Archive for ale yeast

My Road To Cicerone No. 3

Posted in beer, cicerone with tags , , , , , , , , , on November 10, 2014 by cueball

Since I am studying the Road To Cicerone: German Beer Styles Course I have had German beer styles and lagers on the brain.  I am just finishing up the fermentation section (I just have to finish the tasting activities) and that has me deep into lager and ale yeasts (and weissbiers).

This corresponds to a conversation I had with a patron at Craft last night.  He ordered a couple of flights and with it being Sunday I had a lot of time to talk to him.  We were talking about the beers he had and his favorites from the flights.  We also explained a couple of beer styles to his girlfriend.  At some point we got into a local highly respected and loved brewer who specializes in following the Reinheitsgebot.

We both agreed that the beers are all very good and very well made.  I happen to absolutely love their dunkel.  We also happened to agree that their new space is gorgeous and a great place to sit back and enjoy a beer or five.  However, we both agreed that lagers are not our favorite beers.  No matter how well made and high quality a beer maybe neither one of us gravitate towards lagers.

The discussion question for the fermentation unit in German beer styles course asks you to pick your favorite beer and choose an alternative fermentation organism and explain why you choose it.  My main trouble with this question is trying to pick a favorite beer style.  I guess, if forced, I would pick brown ales, but I go through periods where I just want to drink porters, ipas, stouts, saisons, tripels, dubbels, etc.  For the sake of this question I will say brown ales.

Using a lager yeast instead of ale yeast for a brown beer basically gives you a schwarzbier.  So, I would actually be interested in what would happen with a classic brown ale malt bill is fermented with Brettanomyces.  Brett isn’t naturally sour (that comes from the addition of lactic acid in conjunction with brett), so I would hope for a fruity clove-like taste to go with the caramel or toffee flavor from the malt.  This would be more of a dessert beer mimicking fruit dipped in caramel or toffee.

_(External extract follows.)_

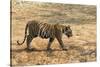 Bengal tiger (Panthera tigris tigris), Bandhavgarh National Park, Madhya Pradesh, India, Asia-Sergio Pitamitz-Stretched Canvas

That’s my answer for that question.  Now, back to the question of ales vs. lagers.  I prefer ales because ale yeasts provide a greater complexity of tastes and aromas then do lager yeasts.  There is no other real explanation.  I drink both, but my preference leans towards the esthers of ale.

Drinking most lagers is satisfying in the way a diner is satisfying.  There are no bells and whistles, just good food infused with a straight forward soul.  You can also get meat and vegetables at a tapas restaurant, but that is where the difference ends. A tapas restaurant gives you complexity through different flavors and textures and allows you to mix and match for a different experience every time.

Both places serve food that makes you happy, but they have different ways to do it and play different rolls in your food experiences. It is the same with beer.  Depending on when and where you are sometimes you want a solid lager and sometimes you want a complex ale.  In beer terms I prefer ales, but in food terms I prefer diners.  A diner that serves good craft beer would be ideal.